**TASK DETAILS:**
Whenever a line below holds the word "Fort", copy that line.

** INPUT DATA follows **

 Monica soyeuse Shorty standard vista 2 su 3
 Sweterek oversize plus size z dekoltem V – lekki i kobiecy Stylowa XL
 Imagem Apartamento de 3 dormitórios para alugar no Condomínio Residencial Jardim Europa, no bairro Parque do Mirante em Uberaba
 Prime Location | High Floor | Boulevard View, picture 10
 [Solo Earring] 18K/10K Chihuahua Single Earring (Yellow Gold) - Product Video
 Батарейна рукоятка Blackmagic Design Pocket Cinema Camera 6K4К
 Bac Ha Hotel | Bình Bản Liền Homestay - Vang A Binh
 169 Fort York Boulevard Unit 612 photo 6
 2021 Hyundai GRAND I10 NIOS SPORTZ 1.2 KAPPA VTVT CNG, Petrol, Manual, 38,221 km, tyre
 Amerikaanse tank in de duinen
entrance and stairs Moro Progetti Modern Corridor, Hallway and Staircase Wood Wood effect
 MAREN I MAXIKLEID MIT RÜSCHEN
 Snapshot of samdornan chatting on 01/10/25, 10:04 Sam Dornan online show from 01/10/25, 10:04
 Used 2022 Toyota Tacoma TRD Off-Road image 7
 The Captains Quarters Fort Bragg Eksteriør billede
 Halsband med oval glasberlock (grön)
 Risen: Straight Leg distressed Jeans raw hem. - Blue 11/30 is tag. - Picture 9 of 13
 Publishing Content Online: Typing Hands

** End of INPUT DATA **

**REPLY TO THE EXERCISE:**
 169 Fort York Boulevard Unit 612 photo 6
 The Captains Quarters Fort Bragg Eksteriør billede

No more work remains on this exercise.